I joined DHH’15 for new experience and meet new people. The word that caught my attention was humanity. I am a Master student of Computer Science. I have to run with the pace of technology change. I am frustrated when I see a new technology strikes the market and becomes obsolete in few months. Whenever we get some time to think, we think about making money, new ideas that will help making more money, new career plan that bring more money and fame, position and so on. It never ends. Maybe this is just an illusion given by the system that we unknowingly  built over time. May be life is beyond money, fame and some machines surrounded by us that always command us and never even say “please.” So I was looking for something that will get me out this frustration. I found this event. I joined and I must say life is beyond python, R, Git, algorithms and some weird terms that we feel very proud to talk about because we are familiar or know those terms. Life is simply not about those to me. Yes, we may need those but we need to have conscience and a brave heart that can do justice, distinguish between justice and injustice and stand up against injustice.

Humanists talk about those. Therefore, it was enough and justified reason for me to join DHH.

So I joined. I joined a group of people who were working on a data set (actually lettres ) of about three century old and to be more specific an event for what todays UK was formed.  The event was “Act of Union” held in 1707. We had to find the influence of people and English Language related to that event.

There, I had the chance to widen my mind a bit when I worked with my group. Everything was new to me. The terms (such as corpus, Act of Union). Well not the words but the context. I learned by listening the discussion of our group members.  Then I was amazed by gathering and playing with the information. I contributed a bit but received a lot as gift from my group members.
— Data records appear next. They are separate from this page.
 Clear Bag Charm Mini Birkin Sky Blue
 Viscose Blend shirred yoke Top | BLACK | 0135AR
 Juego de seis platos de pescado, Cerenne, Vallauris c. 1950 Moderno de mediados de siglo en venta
Did I choose consciously this group? No not at all. I joined two days later because of number of reasons. I was looking for a suitable team and found my current group. They were kind enough to share their hard work with me and make me feel like I am one of them. When I started I was feeling like a newborn for whom the task was learning “Mandarin Chinese and communicate with the world overnight .” But my group members helped me to adjust with the environment and I managed to understand the goal and started working accordingly. I missed my first assignment deadline but eventually managed to do it on the presentation day.
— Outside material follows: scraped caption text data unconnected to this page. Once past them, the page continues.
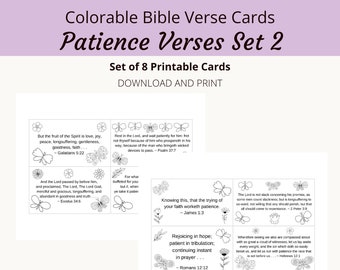 Patience Verses Bible Verse Cards | Set 2, 8 Verses | Colorable Butterflies Theme | Words of Faith Series | PDF, Letter size (8.5x11)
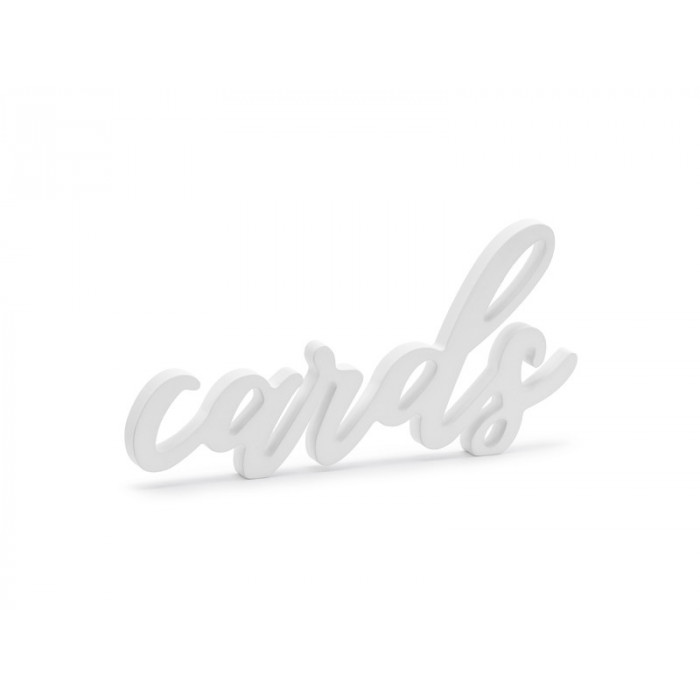 Drewniany napis Cards, biały, 20x10cm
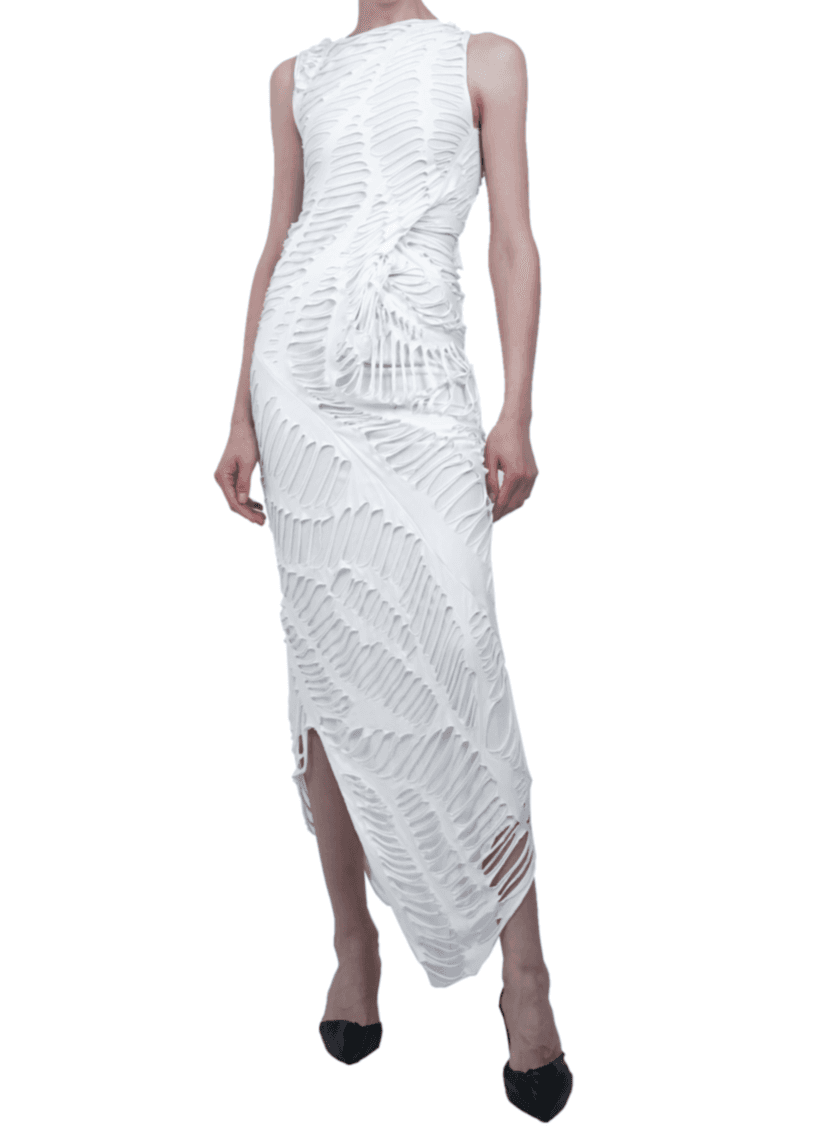 CUT JERSEY DRAPED DRESS - XS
Our achievements were tremendous. Making the data machine readable and process them, close reading, statistical data analysis, developing apps and all within 5 days. Amazing!!!
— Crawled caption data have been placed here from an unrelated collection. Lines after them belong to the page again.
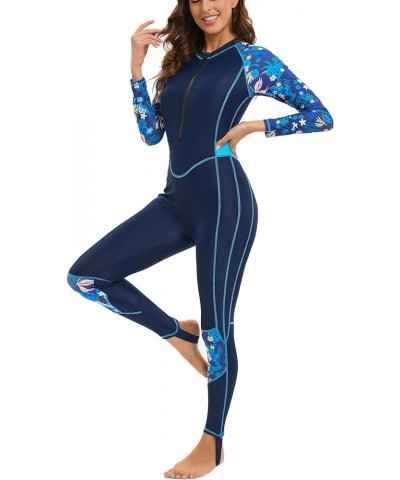 Women's One Piece Zipper Rash Guard Swimsuit Long Sleeve Full Body Sun Protection Bathing Suit Print03 $31.89 Swimsuits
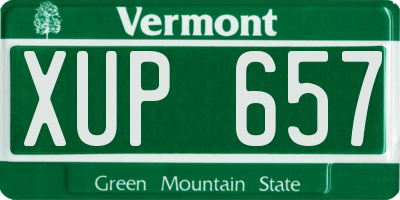VT license plate XUP657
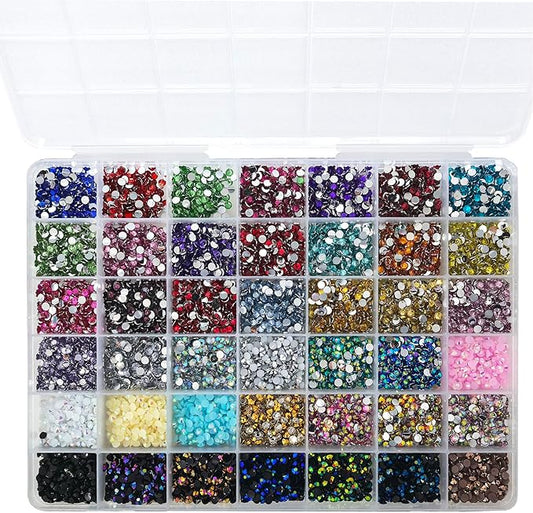 20000Pcs Nail Art Rhinestones, BetterJonny 42 Colors 3mm Round Nail Flatback Rainbow Gems Set AB Glitter Flat-Bottomed Rhinestone for Crafts Decoration and Jewelry Making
But I must mention that we had great mentors who continuously helped and did the hard stuffs by living behind the shadow.

At this point I would conclude with the hope that we will meet again and continue this journey of humanity which has been digitalized with the greatest technological inventions over time but still remained organic. One of our mentors told me during our discussion that human are afraid of changes. Maybe I am also afraid of changes. I never want to be the witness of the days where same event will be named as “Digital Mechatronity.”